▶ [TASK TO CARRY OUT] Output exactly the lines of the listing below that run from the line with "Worthington Vintage Black" through the line with "Oracle founder Larry". No pictures.

▶ [TASK MATERIAL]
►

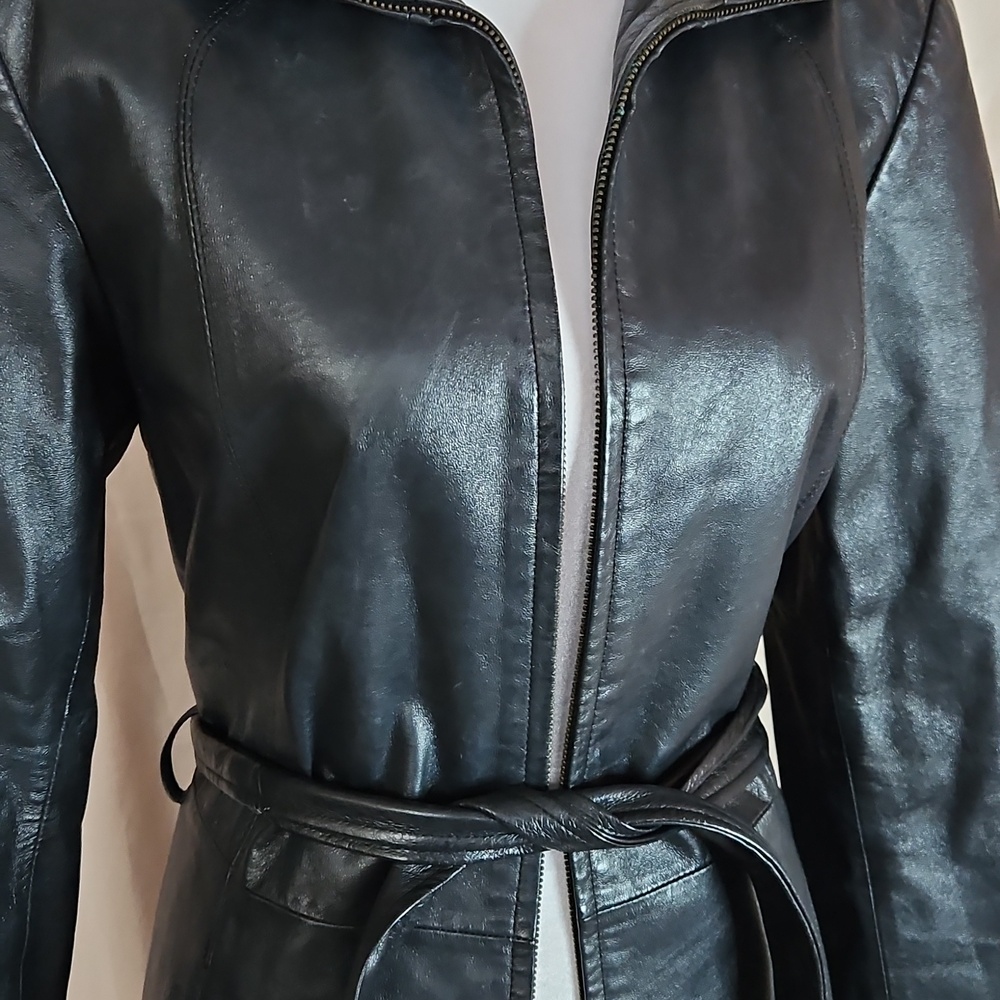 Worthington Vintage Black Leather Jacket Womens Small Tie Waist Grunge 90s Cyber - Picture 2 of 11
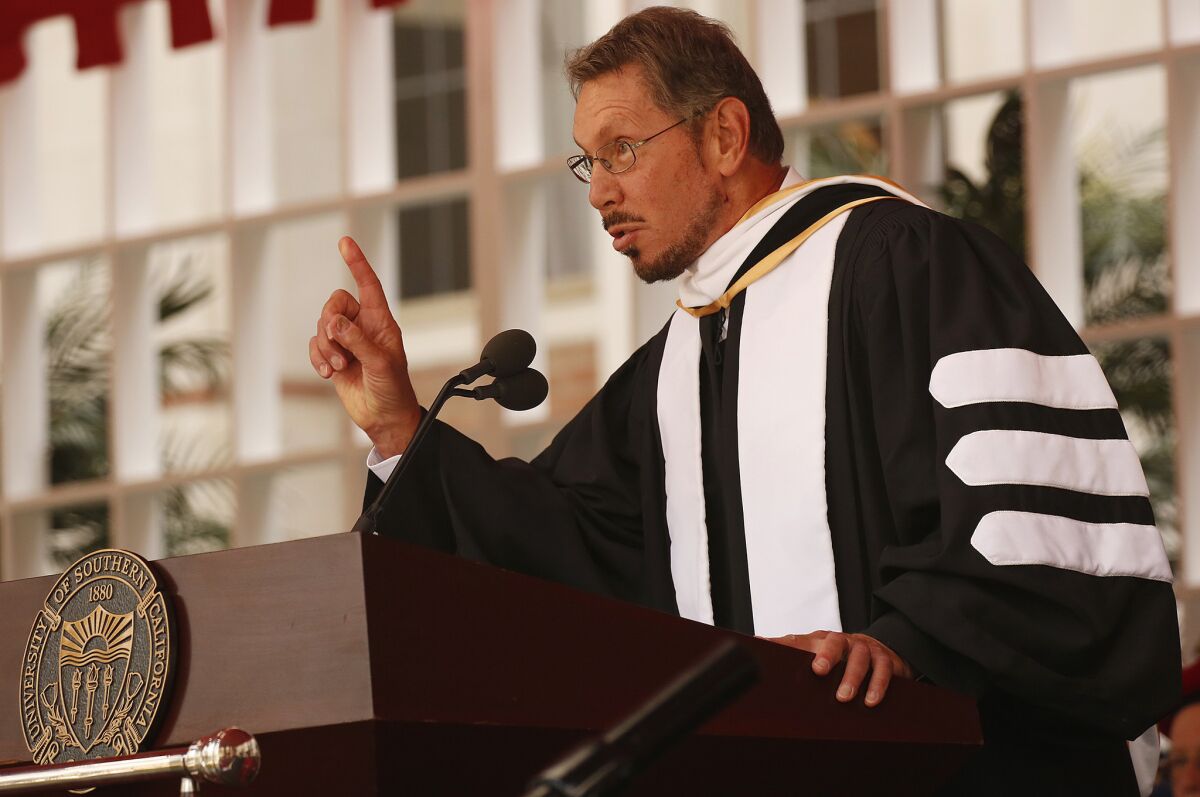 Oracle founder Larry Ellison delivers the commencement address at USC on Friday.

◄
►

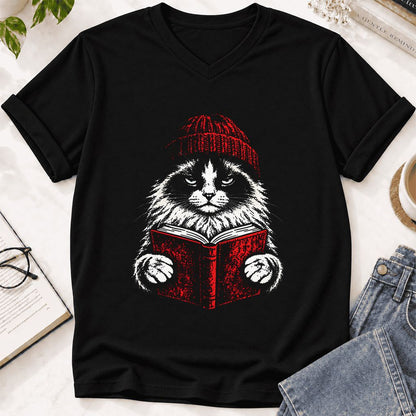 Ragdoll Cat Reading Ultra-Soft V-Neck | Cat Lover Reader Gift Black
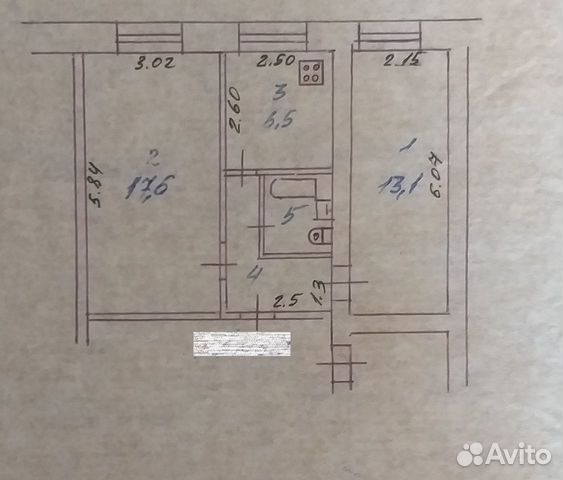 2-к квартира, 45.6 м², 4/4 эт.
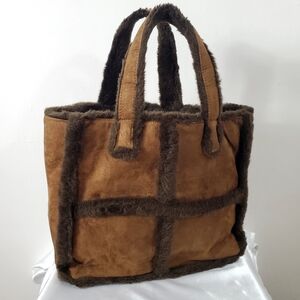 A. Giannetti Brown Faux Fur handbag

◄

▶ [OUTPUT BELOW]
 Worthington Vintage Black Leather Jacket Womens Small Tie Waist Grunge 90s Cyber - Picture 2 of 11
 Oracle founder Larry Ellison delivers the commencement address at USC on Friday.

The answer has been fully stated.